6 December 2008 (Saturday)
Heads of Universities Committee (HUCOM)
“ 334” Symposium – “Partnering for Excellence in Education”
Opening and Signing Ceremony
Speech by Mr. Michael M Y Suen, GBS, JP
Secretary for Education
Professor Cheung (Bing-leung), Laura, Professor (Lawrence) Lau, Ladies and Gentlemen,
I am delighted to address such a distinguished audience this morning.
First and foremost, I would like to thank the Heads of Universities Committee, or the HUCOM for short, for organizing this series of “ 334” related symposia.
The successful implementation of the 334 reform for senior secondary and higher education requires the concerted efforts of all key stakeholders. This series of symposia will provide a useful platform for all those involved to share their experience and to discuss issues of common concern in relation to the planning and implementation of the reform.
The “ 334” is a crucial architecture in our education reform since 2000. Under the new academic structure, we will provide a broad and balanced curriculum for our students, with diversified choices to suit their individual interests and aptitudes. We will provide them with smoother multiple pathways to higher education and the workplace, so that every student has a better opportunity to succeed in life.
The new senior secondary curriculum, or the NSS for short, under “ 334” will commence operation starting from next September. Our secondary schools have been making preparations for it since 2005. This includes curriculum planning, staff development and change management. On our part, the Government has been doing conversion works in schools to provide additional physical space for more subject groupings. A number of planning workshops for school leaders and middle managers, courses and onsite support for teachers, as well as learning and teaching resources have been prepared.
My gratitude goes to HUCOM for issuing various statements in support of the NSS curriculum by announcing the minimum university entrance requirements, as well as specifying faculty requirements as early as 2006. Those announcements are especially important because they have sent a strong message to the community that breadth and depth of knowledge are more important than early specialization. With the support of our tertiary education sector, I am glad to learn that our secondary schools now have much greater confidence to implement the new curriculum.

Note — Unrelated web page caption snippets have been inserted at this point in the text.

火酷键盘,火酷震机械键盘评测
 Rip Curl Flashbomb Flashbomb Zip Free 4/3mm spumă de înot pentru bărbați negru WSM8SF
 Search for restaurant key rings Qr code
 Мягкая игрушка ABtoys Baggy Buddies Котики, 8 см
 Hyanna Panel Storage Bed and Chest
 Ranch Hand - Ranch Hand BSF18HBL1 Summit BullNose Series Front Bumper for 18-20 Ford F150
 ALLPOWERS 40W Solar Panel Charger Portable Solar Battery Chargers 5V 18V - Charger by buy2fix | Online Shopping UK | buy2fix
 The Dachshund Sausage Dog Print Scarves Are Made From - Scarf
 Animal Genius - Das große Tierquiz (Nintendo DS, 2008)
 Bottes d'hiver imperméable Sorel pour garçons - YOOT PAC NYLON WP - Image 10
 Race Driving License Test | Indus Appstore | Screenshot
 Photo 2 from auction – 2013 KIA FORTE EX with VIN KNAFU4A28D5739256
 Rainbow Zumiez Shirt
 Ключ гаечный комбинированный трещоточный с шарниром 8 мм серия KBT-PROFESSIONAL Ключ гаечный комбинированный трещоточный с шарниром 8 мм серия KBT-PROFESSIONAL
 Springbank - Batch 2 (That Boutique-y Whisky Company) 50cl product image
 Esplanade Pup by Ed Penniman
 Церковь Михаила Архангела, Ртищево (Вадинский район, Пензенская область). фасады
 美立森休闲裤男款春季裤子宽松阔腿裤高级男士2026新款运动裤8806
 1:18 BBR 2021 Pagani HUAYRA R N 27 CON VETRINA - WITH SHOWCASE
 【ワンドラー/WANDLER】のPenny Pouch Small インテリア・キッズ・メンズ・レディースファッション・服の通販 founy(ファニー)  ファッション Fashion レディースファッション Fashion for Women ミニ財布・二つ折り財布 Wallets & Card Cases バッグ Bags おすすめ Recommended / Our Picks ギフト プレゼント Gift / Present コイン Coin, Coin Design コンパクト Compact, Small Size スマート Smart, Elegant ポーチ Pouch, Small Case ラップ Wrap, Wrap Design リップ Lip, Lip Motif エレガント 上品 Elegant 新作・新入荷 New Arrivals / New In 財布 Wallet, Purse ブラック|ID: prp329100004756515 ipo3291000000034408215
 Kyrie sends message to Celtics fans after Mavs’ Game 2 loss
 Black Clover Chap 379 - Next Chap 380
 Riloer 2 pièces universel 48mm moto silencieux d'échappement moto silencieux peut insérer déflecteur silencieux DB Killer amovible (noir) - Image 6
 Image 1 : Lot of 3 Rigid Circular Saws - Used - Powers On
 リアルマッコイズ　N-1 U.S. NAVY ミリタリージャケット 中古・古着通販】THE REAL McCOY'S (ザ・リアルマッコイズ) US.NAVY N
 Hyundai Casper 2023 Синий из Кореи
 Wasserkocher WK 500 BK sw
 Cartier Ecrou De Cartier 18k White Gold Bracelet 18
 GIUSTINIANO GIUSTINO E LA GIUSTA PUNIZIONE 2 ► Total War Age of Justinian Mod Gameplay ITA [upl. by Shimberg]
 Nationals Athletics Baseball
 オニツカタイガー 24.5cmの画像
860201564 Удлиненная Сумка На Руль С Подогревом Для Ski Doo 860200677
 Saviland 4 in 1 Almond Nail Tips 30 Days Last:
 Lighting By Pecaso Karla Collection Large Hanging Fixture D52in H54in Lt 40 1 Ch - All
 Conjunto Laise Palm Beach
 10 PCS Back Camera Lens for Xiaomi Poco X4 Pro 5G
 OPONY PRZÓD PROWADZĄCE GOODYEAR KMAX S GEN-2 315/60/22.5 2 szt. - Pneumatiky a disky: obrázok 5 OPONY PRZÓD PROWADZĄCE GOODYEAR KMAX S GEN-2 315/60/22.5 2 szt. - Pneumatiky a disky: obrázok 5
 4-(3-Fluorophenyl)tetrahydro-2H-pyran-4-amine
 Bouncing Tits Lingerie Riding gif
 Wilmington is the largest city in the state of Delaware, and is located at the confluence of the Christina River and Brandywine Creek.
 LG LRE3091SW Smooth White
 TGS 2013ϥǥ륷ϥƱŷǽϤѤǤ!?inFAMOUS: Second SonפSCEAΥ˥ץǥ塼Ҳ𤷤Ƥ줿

The latest joint declaration issued by HUCOM in October 2008 further recognizes the importance of Other Learning Experiences under the NSS and reaffirm institutions’ recognition of Student Learning Profile as a document of good reference value in their admission process. I must say that this is extremely helpful in asserting the importance of whole-person development in secondary education.
By 2012, all our UGC-funded institutions will offer 4-year instead of 3-year first-degree programmes. Institutions are now actively engaged in preparing for the transition, paying particular attention to issues associated with the double cohort year, which include curriculum planning, enhancement of computer system, provision of teaching space and boarding facilities, recruitment of teaching staff and so on. To meet the demand of the 4-year programme, UGC has been closely working with various institutions on the relevant capital or non-capital projects. Extra funding is provided by UGC for institutions to set up relevant infrastructure, develop their new 4-year curriculum, as well as recruit and develop teaching staff.
Effective communication among different sectors is the key to success of the new academic structure. To ensure smooth interface between the secondary and higher education sectors, a Liaison Group on “ 334” Interface Issues has been set up since 2004 to discuss issues relating to university entrance requirements and interface between the senior secondary curriculum and 4-year undergraduate programme. This is critical in building the community’s confidence in the new structure.
In order to ensure the smooth delivery of the new structure, we have recently set up a 334 Communication Task Force to facilitate communication among all in the education sector, employers and parents. It will help to ensure that relevant messages are communicated to different stakeholders in a timely and co-ordinated manner.
We are now entering the most critical stage of the 334 reform. From now onwards to 2012, we will focus our work on various fronts. We will strive to gain international recognition for the new Diploma in Secondary Education. We will continue to work with our tertiary institutions to attain their further recognition of Applied Learning. We will continue to attach special importance to communicating with parents by holding more regional seminars, updating the 334 web bulletin weekly, issuing parents’ pamphlets on a more regular basis as well as preparing a tool-kit for schools to communicate with parents more readily and more easily.
On tertiary education, we are working closely with post-secondary and tertiary institutions in the development of their new curricula that would build on the NSS curriculum reform. We are working in full speed with UGC and its institutions to ensure the timely completion of the 334-related capital works projects. We are also working closely with our post-secondary institutions and private universities so that they will be able to announce their minimum entrance requirements under the new system in the earliest possible instance.
The “ 334” reform is iconic which will lead us to a new era of quality education. We look forward to working with all key stakeholders to ensure its success.
I would like to thank HUCOM once again for its steer and support in our road of education reform. May I wish you all a productive and useful discussion today.